The corporate and individual tax code reflects a diversity of political (cultural) viewpoints. Consequently, perspectives regarding as well as campaigns to transform, modify, or preserve critical aspects of it reflect opinions. Thus competing cultural camps with assorted outlooks and aims engage in heated rhetorical battles to advance their interests. Moreover, these proposed so-called tax reforms represent significant ideological approaches, not merely cosmetic fixes and updates.

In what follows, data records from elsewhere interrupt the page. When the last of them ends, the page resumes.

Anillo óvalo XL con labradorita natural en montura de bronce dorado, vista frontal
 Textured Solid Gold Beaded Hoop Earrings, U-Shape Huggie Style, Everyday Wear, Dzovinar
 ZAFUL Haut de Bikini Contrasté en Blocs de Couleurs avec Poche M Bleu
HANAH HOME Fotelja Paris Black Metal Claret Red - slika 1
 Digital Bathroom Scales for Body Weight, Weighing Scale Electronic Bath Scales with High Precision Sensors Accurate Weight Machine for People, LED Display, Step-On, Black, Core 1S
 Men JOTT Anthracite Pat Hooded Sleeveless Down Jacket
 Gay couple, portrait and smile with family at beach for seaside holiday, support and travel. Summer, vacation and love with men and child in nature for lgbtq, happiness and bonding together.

In recent years, compromise in Congress in various critical policy matters has appeared with less frequency and generally only grudgingly. If the Senate cannot repeal (or repeal and replace) Obamacare (Affordable Care Act), how will they manage to make substantial alterations in an extremely complex document such as the United States tax code? Donald Trump’s remarkable and shocking Presidential triumph in America’s 11/8/16 election has not been followed by Congressional passage of his legislative agenda (Inauguration Day was 1/20/17). Why will Democrats help President Trump and Republicans win a notable legislative victory on taxation with election 2018 coming into view?

In the United States, even though labels are not definitive and groups can overlap, look further at and beyond the “political” sphere. America of course has never been entirely homogeneous or unified. The widely-shared American Dream has been expressed and implemented in various ways. Yet America’s disagreements and debates currently are wide-ranging. The lines between and within camps are not always clear; moreover, individuals may be loyal (belong) to various (and often competing) categories.

In any case, the long list of America’s noteworthy splits and fractures makes it especially changing to enact wide-ranging changes in the core taxation (and spending, including entitlements) policy arena. There are liberals (progressives), conservatives (traditionalists), centrists (moderates), and independents. Populists (both left and right wing) confront the establishment (elites). Globalists contend with nationalists.

America, as a house divided, has rich versus poor, haves versus have-nots. Highlight the nation’s substantial economic inequality. Is America nowadays a Gilded Age era? Are economic and social mobility increasing?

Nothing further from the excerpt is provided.